# [Work to complete]
I'd like the entries that follow repeated exactly, with the pictures left out.

Segment Start: Dataset records

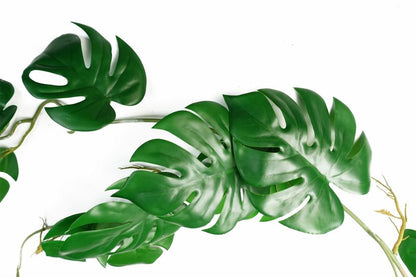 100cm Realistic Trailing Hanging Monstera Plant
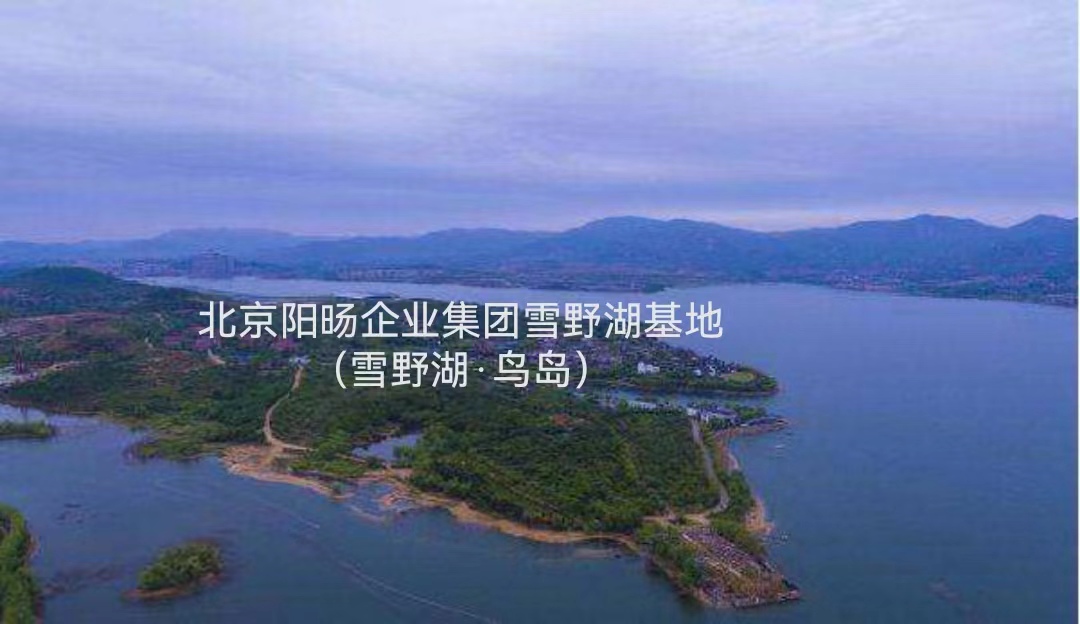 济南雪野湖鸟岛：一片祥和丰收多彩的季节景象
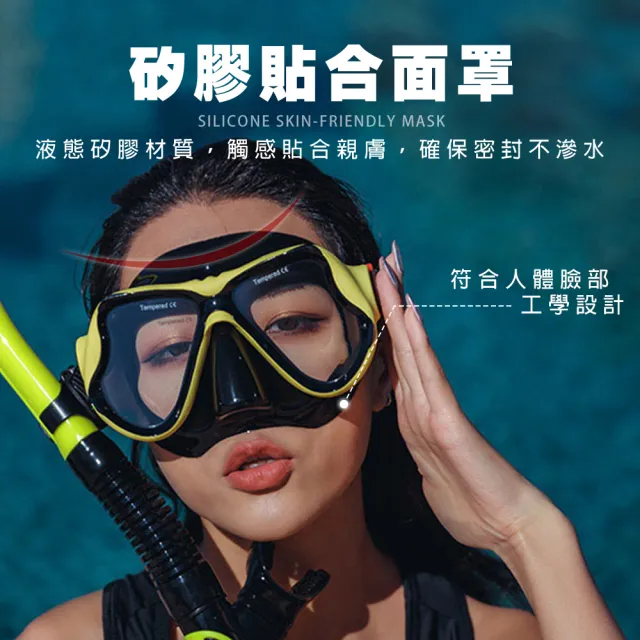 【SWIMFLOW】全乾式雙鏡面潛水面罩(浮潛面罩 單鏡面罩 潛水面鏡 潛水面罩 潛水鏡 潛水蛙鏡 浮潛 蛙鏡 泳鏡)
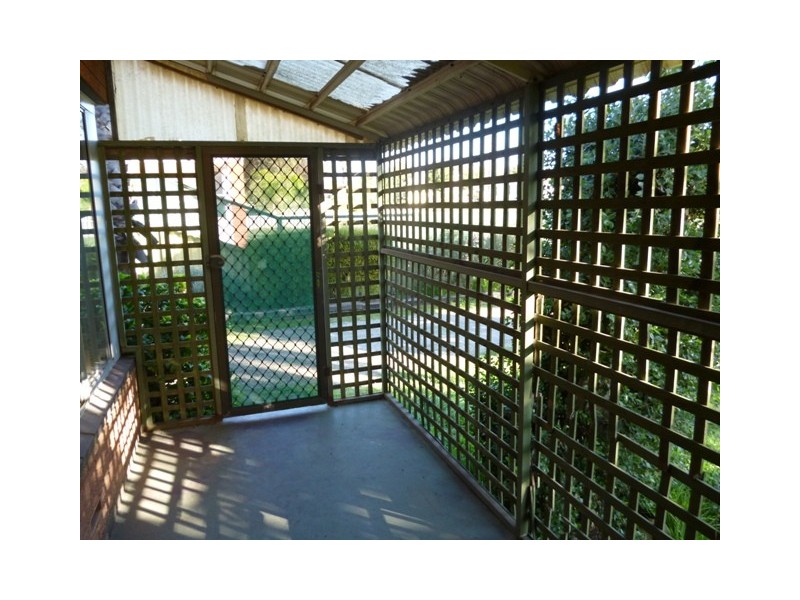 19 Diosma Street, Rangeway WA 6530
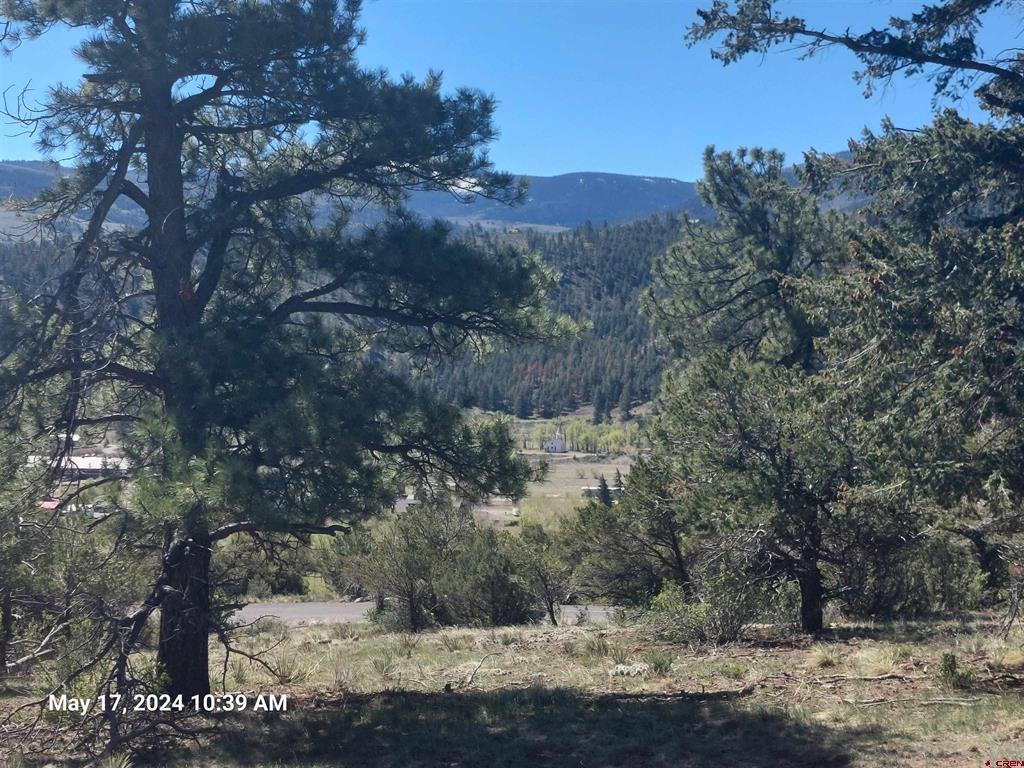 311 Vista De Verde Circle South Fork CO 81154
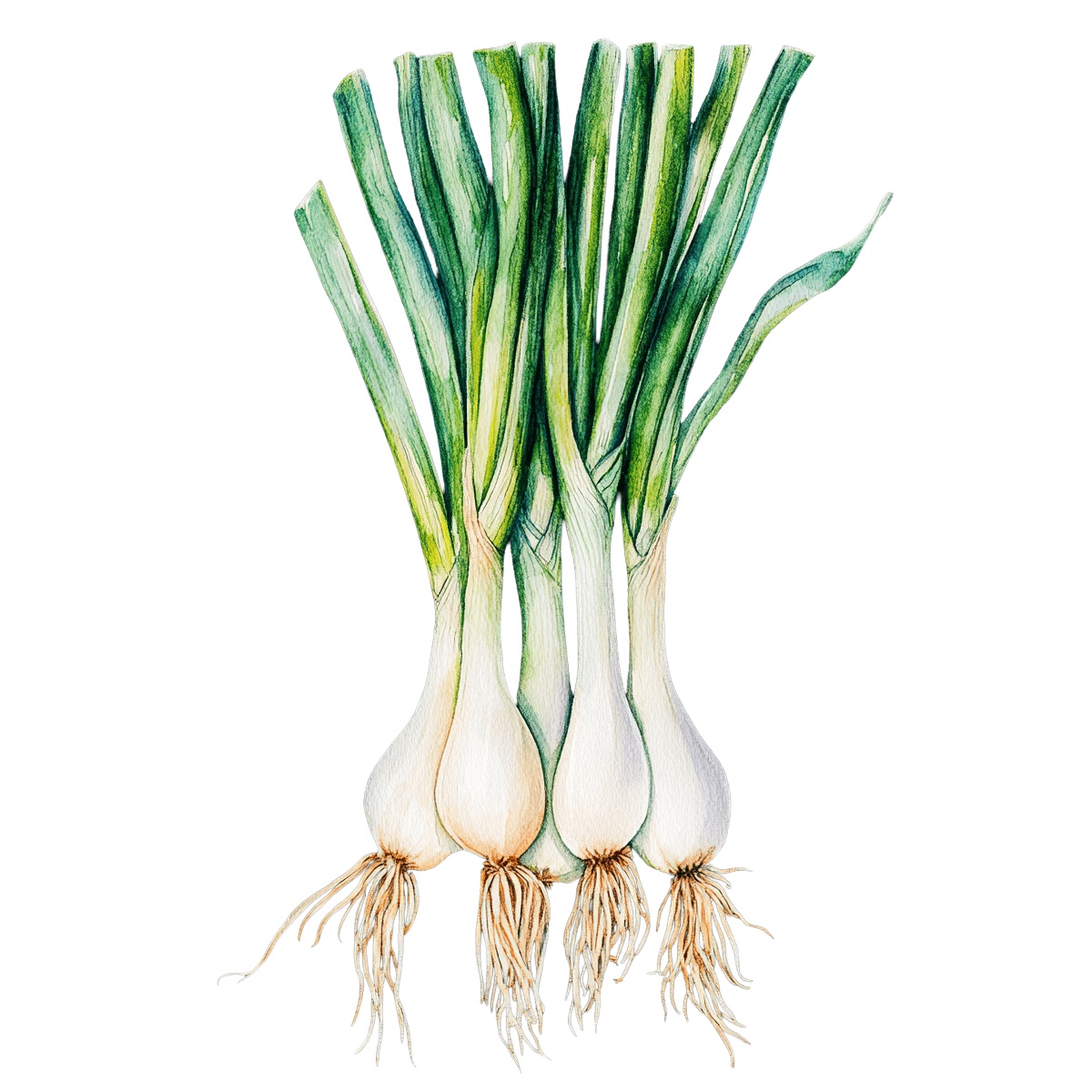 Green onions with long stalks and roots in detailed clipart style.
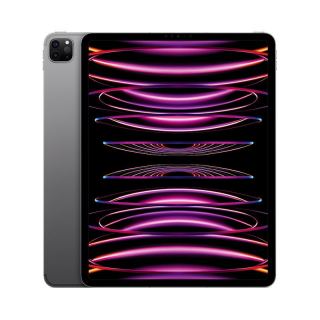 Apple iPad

Segment End: Dataset records

# [Your solution]
 100cm Realistic Trailing Hanging Monstera Plant
 济南雪野湖鸟岛：一片祥和丰收多彩的季节景象
 【SWIMFLOW】全乾式雙鏡面潛水面罩(浮潛面罩 單鏡面罩 潛水面鏡 潛水面罩 潛水鏡 潛水蛙鏡 浮潛 蛙鏡 泳鏡)
 19 Diosma Street, Rangeway WA 6530
 311 Vista De Verde Circle South Fork CO 81154
 Green onions with long stalks and roots in detailed clipart style.
 Apple iPad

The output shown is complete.